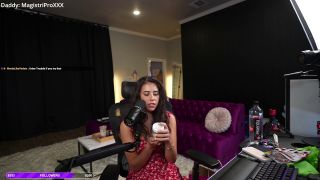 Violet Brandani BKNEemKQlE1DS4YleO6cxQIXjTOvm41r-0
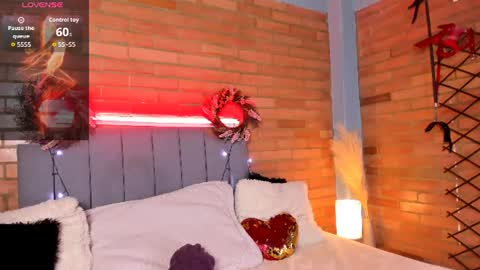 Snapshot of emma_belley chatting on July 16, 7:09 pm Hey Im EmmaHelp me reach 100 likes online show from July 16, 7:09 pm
* * *
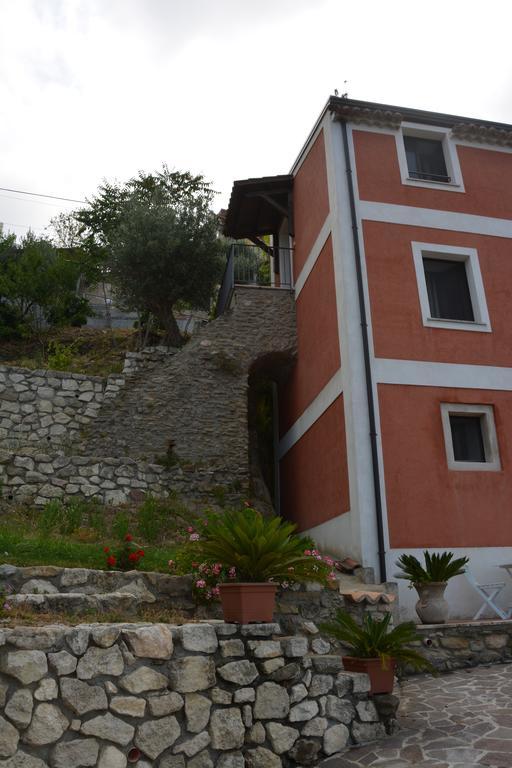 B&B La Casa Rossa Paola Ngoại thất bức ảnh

- **Work instructions**:
Leaving each picture behind, please give again exactly the lines above from the one with "Violet Brandani BKNEemKQlE1DS4YleO6cxQIXjTOvm41r-0" through the one with "Snapshot of emma_belley", both included, and no others.

- **Response below**:
 Violet Brandani BKNEemKQlE1DS4YleO6cxQIXjTOvm41r-0
 Snapshot of emma_belley chatting on July 16, 7:09 pm Hey Im EmmaHelp me reach 100 likes online show from July 16, 7:09 pm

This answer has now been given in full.